- _WORK INSTRUCTION_:
Scan the entries below for the word "Pattern". Copy each line that has it.

- _RECORD EXTRACTS_:
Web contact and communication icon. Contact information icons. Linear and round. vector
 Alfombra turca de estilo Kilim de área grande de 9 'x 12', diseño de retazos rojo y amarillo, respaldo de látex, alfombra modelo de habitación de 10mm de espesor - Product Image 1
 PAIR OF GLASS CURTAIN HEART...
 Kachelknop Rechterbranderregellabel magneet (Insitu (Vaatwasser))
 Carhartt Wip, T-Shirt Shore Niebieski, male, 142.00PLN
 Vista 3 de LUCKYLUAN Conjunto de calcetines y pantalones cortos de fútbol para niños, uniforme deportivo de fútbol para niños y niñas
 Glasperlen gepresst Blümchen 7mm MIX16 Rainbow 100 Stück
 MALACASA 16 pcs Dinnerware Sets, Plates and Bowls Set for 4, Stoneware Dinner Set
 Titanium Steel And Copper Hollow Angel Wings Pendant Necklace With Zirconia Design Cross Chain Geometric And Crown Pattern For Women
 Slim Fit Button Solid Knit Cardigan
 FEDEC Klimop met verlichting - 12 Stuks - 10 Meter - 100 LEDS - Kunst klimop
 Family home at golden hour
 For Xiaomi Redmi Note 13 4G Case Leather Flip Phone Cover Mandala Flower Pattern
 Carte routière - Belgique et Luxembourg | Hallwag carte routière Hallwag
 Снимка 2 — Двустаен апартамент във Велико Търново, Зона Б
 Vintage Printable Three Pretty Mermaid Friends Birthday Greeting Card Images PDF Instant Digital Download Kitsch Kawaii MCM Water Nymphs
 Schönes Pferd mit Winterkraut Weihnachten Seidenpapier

- _REPLY_:
 Titanium Steel And Copper Hollow Angel Wings Pendant Necklace With Zirconia Design Cross Chain Geometric And Crown Pattern For Women
 For Xiaomi Redmi Note 13 4G Case Leather Flip Phone Cover Mandala Flower Pattern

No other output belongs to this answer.